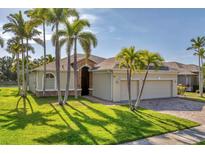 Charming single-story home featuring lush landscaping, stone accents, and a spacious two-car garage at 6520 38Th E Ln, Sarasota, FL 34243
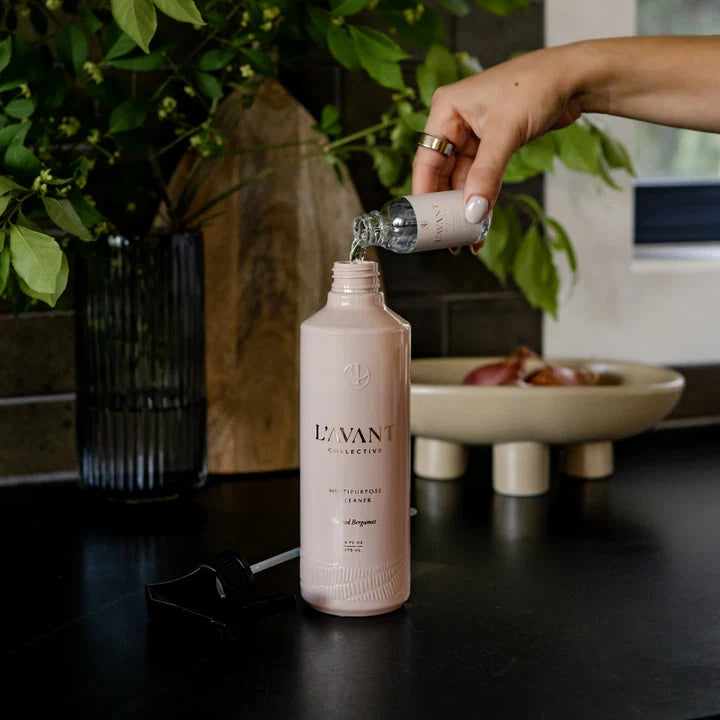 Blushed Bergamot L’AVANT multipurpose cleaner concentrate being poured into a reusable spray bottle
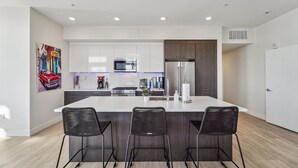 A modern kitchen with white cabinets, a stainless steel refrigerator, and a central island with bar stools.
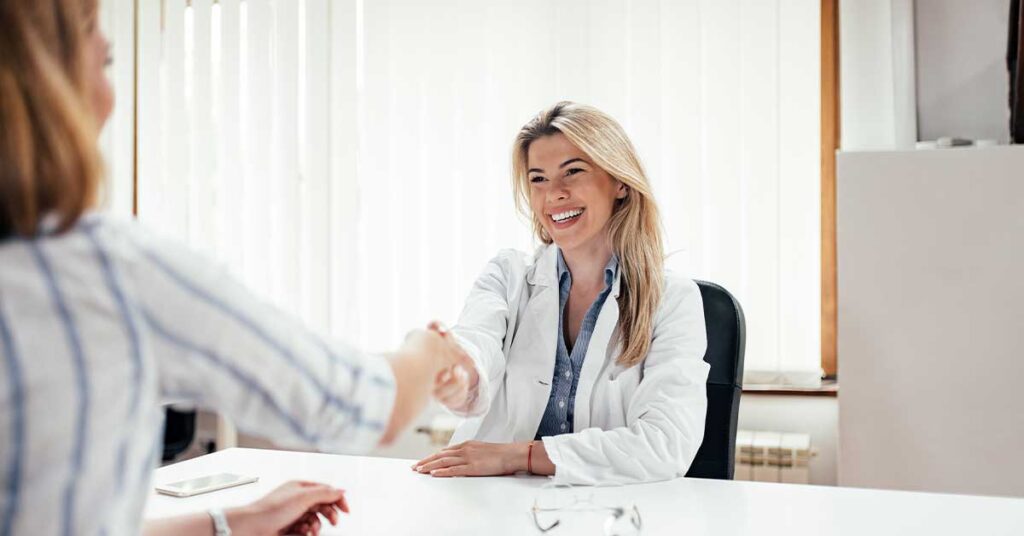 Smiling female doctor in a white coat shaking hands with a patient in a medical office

TASK:
Copy out all the data exactly; skip the pictures.

ANSWER SECTION:
 Charming single-story home featuring lush landscaping, stone accents, and a spacious two-car garage at 6520 38Th E Ln, Sarasota, FL 34243
 Blushed Bergamot L’AVANT multipurpose cleaner concentrate being poured into a reusable spray bottle
 A modern kitchen with white cabinets, a stainless steel refrigerator, and a central island with bar stools.
 Smiling female doctor in a white coat shaking hands with a patient in a medical office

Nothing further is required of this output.